Stored records
• • • •

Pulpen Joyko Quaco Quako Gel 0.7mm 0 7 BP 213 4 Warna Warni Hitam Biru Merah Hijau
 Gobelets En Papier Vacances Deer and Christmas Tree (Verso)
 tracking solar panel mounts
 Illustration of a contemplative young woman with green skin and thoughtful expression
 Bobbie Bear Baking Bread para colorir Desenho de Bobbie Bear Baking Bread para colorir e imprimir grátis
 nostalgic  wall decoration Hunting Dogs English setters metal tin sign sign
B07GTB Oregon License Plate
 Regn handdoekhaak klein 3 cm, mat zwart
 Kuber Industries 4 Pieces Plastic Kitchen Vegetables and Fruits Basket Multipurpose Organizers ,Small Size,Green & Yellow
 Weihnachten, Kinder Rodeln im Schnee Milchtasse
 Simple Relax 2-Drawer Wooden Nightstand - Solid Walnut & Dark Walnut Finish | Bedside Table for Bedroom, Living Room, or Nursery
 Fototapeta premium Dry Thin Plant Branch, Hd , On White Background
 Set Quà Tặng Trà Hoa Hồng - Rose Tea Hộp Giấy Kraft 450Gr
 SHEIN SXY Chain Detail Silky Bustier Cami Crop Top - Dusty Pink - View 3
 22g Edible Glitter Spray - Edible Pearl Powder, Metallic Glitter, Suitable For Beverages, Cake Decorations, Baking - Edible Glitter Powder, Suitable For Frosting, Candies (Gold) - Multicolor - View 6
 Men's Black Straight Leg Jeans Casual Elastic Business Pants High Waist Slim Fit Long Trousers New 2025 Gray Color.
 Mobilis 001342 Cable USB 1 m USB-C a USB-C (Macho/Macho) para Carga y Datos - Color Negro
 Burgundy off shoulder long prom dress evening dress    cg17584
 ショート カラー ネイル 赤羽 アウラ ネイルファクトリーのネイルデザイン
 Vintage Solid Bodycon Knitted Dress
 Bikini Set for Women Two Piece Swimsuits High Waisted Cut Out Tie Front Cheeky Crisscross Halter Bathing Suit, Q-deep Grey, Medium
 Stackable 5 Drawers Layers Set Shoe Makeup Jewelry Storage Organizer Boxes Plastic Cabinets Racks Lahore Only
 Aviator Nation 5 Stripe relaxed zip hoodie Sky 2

• • • •

Could you restate word for word the lines above, from the one that contains "Fototapeta premium Dry" through the one that contains "Vintage Solid Bodycon Knitted Dress", and no others?

Solution:
 Fototapeta premium Dry Thin Plant Branch, Hd , On White Background
 Set Quà Tặng Trà Hoa Hồng - Rose Tea Hộp Giấy Kraft 450Gr
 SHEIN SXY Chain Detail Silky Bustier Cami Crop Top - Dusty Pink - View 3
 22g Edible Glitter Spray - Edible Pearl Powder, Metallic Glitter, Suitable For Beverages, Cake Decorations, Baking - Edible Glitter Powder, Suitable For Frosting, Candies (Gold) - Multicolor - View 6
 Men's Black Straight Leg Jeans Casual Elastic Business Pants High Waist Slim Fit Long Trousers New 2025 Gray Color.
 Mobilis 001342 Cable USB 1 m USB-C a USB-C (Macho/Macho) para Carga y Datos - Color Negro
 Burgundy off shoulder long prom dress evening dress    cg17584
 ショート カラー ネイル 赤羽 アウラ ネイルファクトリーのネイルデザイン
 Vintage Solid Bodycon Knitted Dress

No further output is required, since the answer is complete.